Source material:

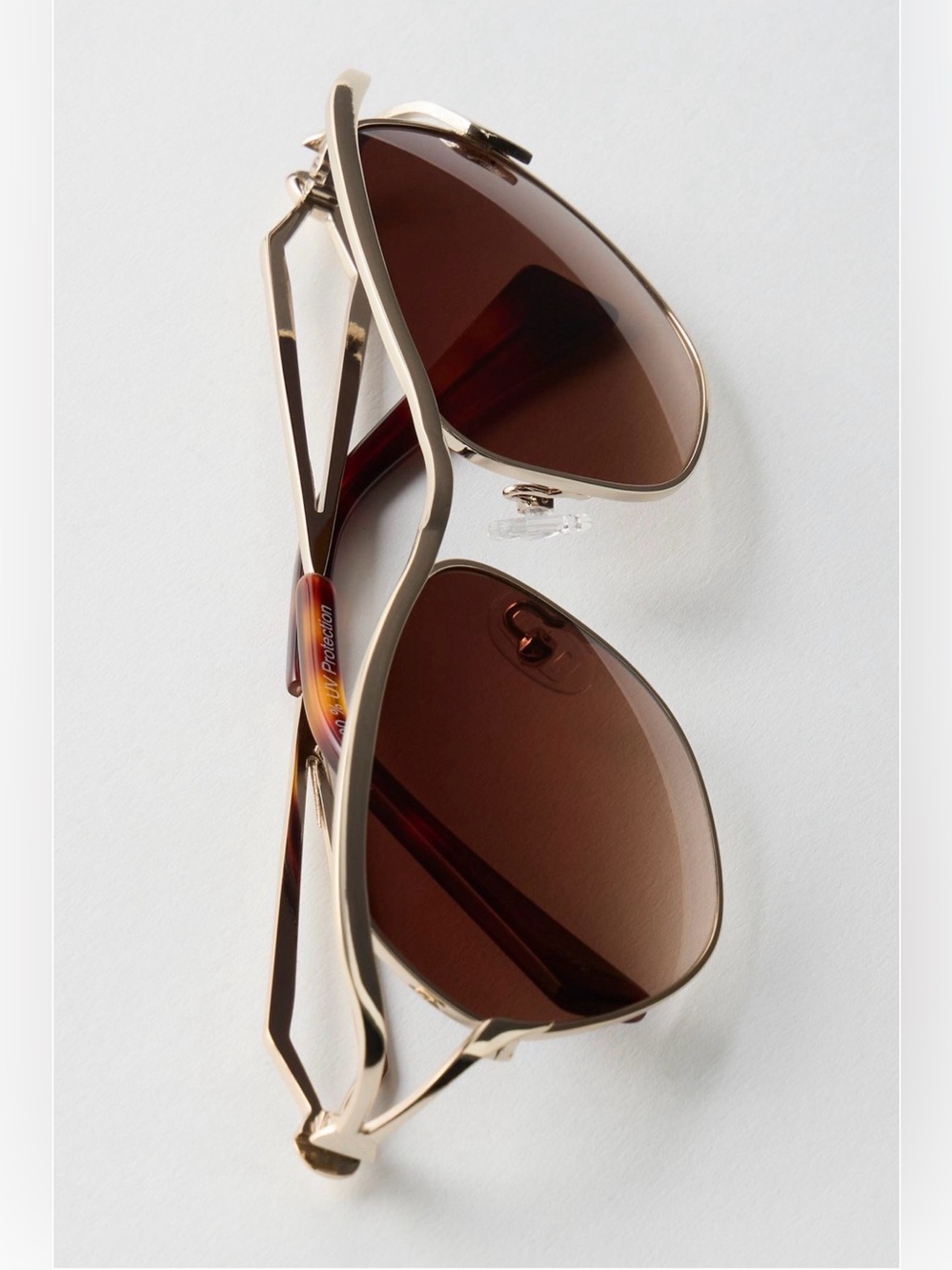 NWT Free People Premium Polarized Sunglasses – Gold Tone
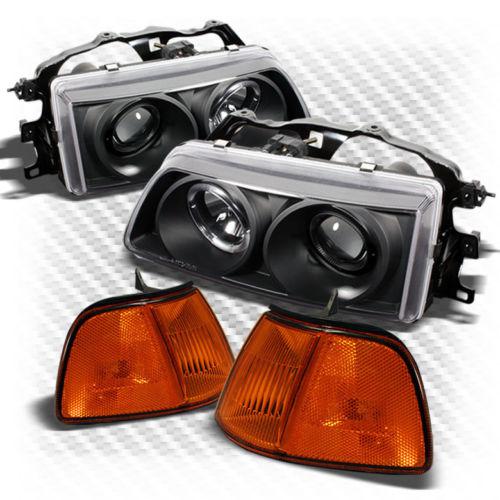 90-91 honda civic 3 door black halo projector headlights+corner signal light set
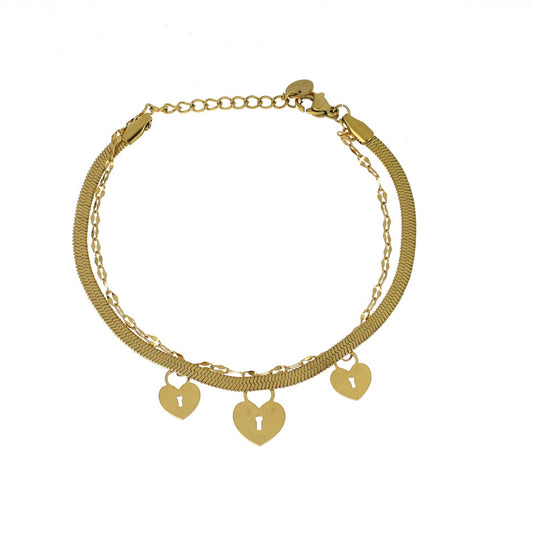 Pulseira 2 Tiras Lock Heart em Aço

Task to complete: Once the line with "90-91 honda civic" is found, output it and every line after it through the end of the listing, exactly, without pictures.

Exercise solution:
 90-91 honda civic 3 door black halo projector headlights+corner signal light set
 Pulseira 2 Tiras Lock Heart em Aço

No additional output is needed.